_WORK INSTRUCTION_
Whenever a line in the listing contains "DISTAL", copy that line.

_INPUT RECORDS_
○ ○ ○ ○ ○

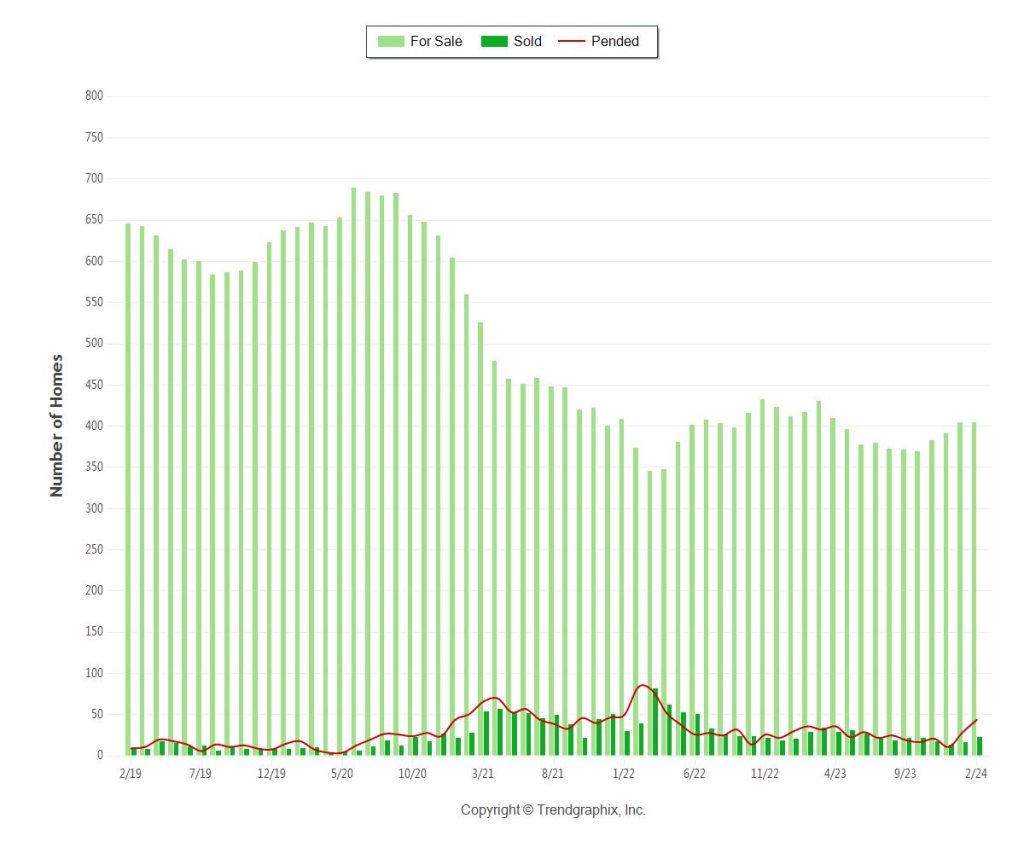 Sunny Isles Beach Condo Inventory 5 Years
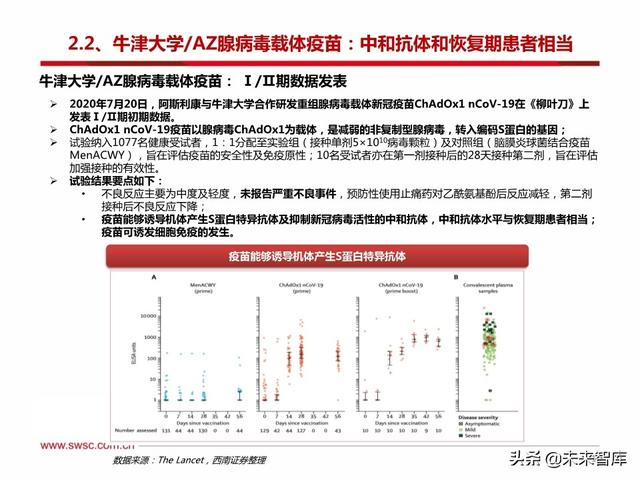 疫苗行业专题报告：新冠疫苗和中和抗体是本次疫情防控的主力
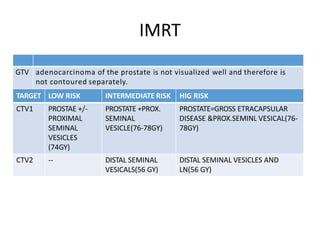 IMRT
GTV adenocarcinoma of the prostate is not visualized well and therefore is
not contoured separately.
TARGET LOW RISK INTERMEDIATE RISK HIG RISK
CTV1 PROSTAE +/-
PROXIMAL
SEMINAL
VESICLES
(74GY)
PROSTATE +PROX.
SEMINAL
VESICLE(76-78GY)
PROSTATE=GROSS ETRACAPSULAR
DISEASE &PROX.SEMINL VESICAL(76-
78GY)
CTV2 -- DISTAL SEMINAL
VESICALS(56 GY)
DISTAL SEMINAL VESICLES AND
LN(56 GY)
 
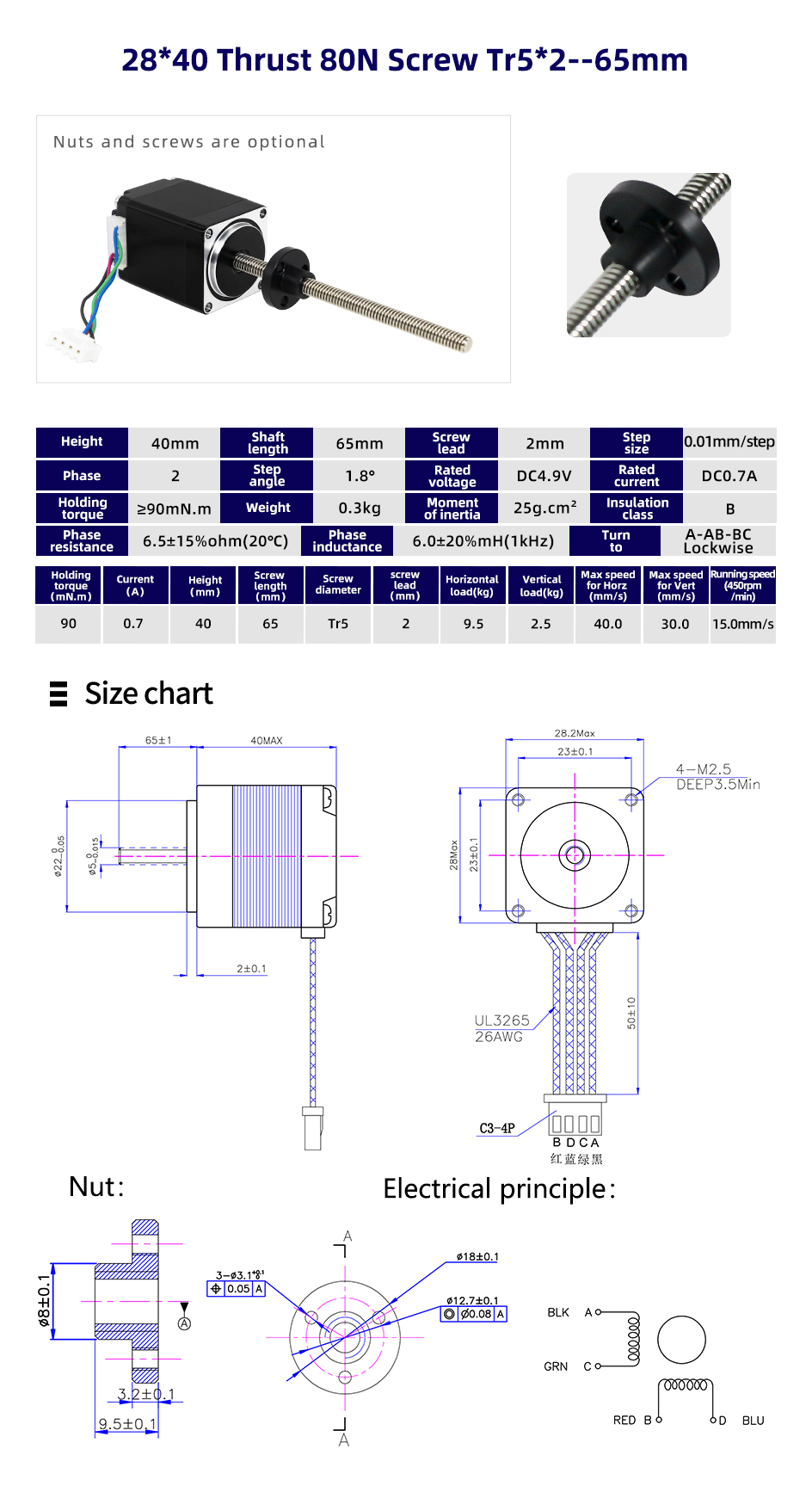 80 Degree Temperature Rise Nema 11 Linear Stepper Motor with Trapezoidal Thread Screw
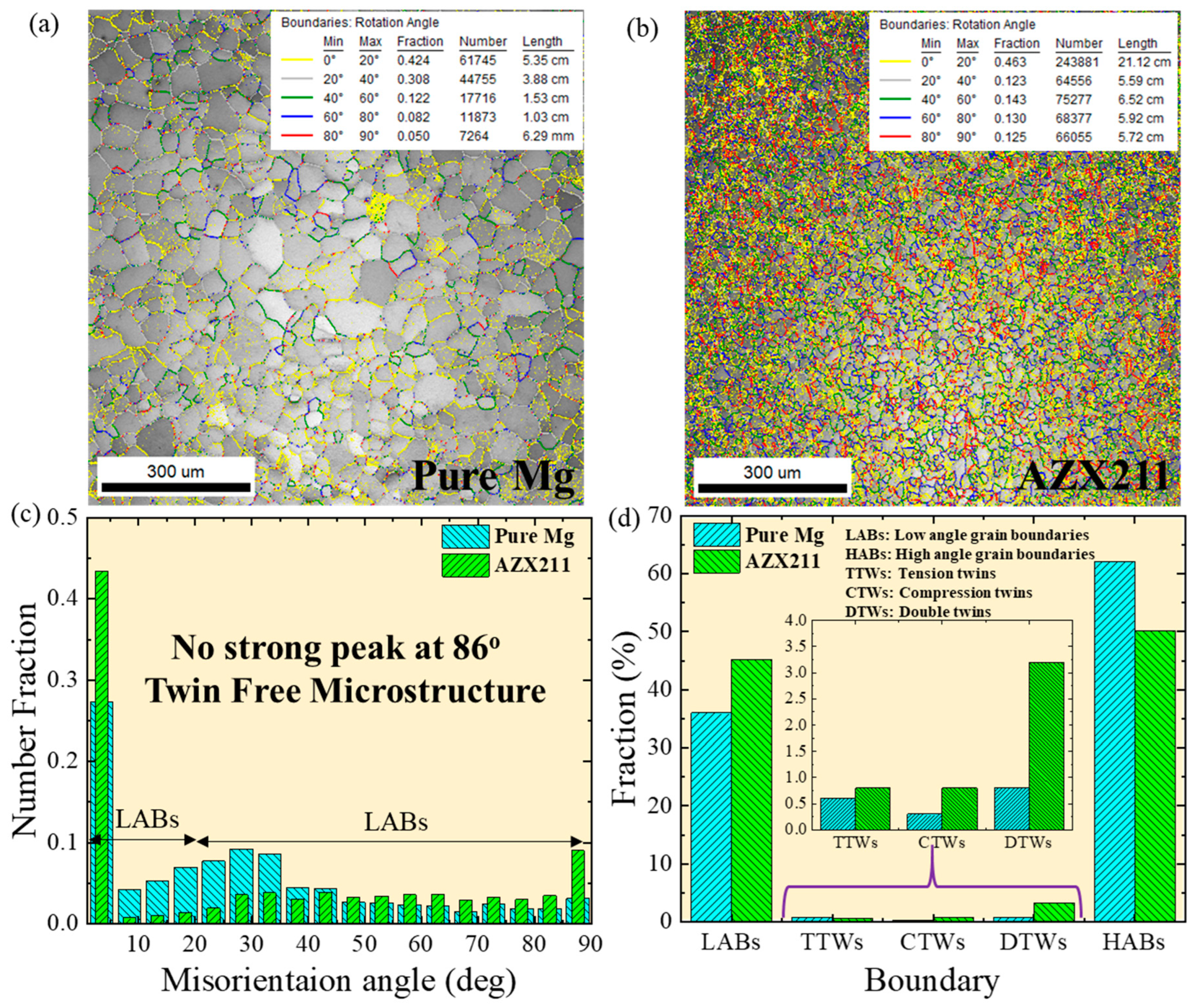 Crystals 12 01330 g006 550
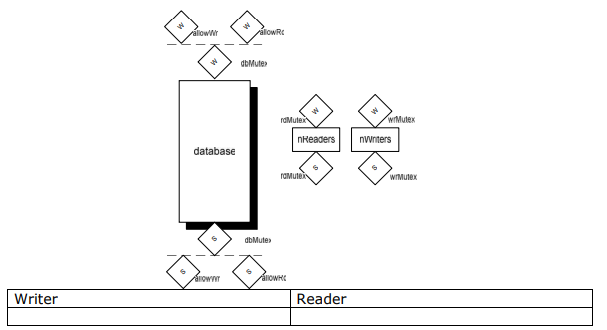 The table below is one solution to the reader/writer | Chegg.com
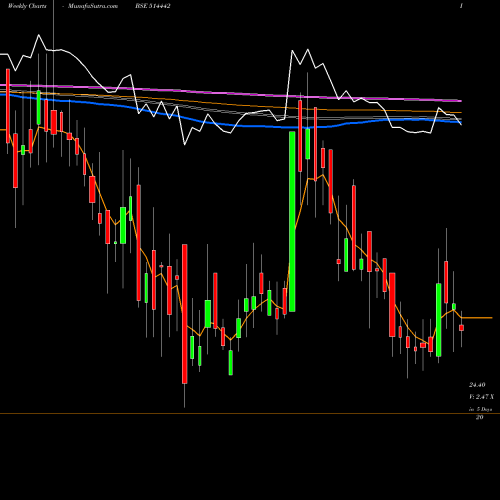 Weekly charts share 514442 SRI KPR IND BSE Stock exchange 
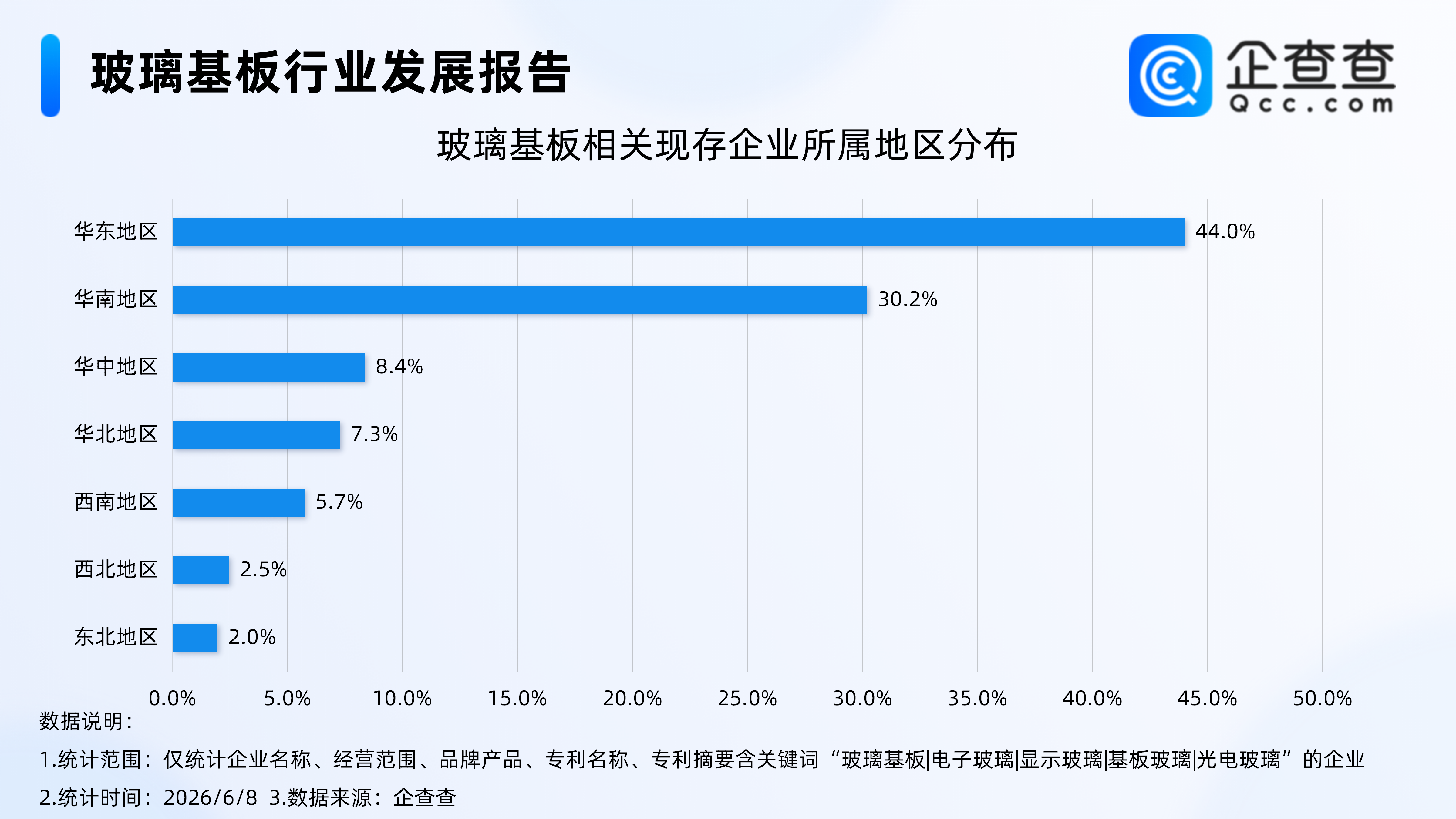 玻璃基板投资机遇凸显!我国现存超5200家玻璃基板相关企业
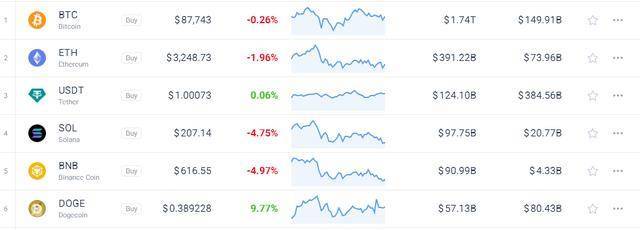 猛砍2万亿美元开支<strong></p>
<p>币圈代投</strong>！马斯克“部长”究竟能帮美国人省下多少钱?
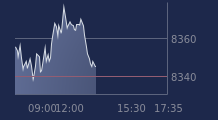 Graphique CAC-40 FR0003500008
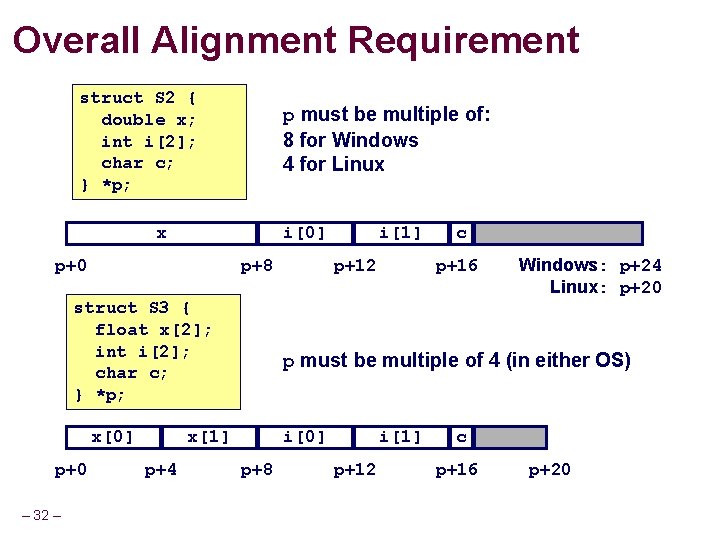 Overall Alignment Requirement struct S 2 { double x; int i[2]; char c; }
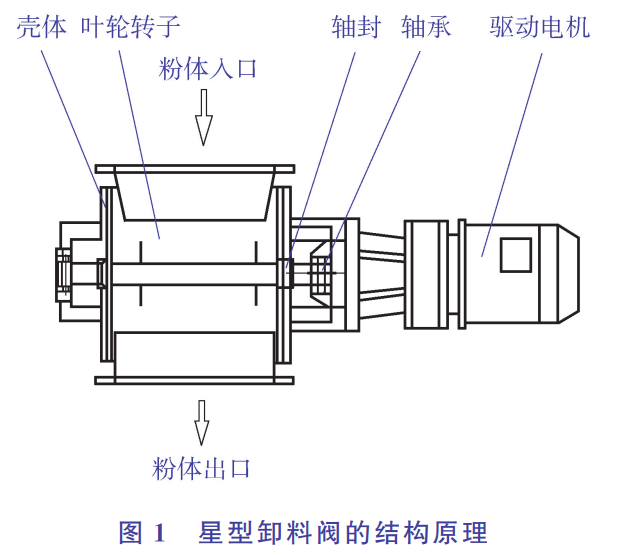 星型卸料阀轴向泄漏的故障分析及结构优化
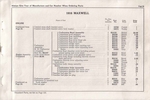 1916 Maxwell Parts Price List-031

○ ○ ○ ○ ○

_WRITTEN SOLUTION_
CTV2 -- DISTAL SEMINAL
DISTAL SEMINAL VESICLES AND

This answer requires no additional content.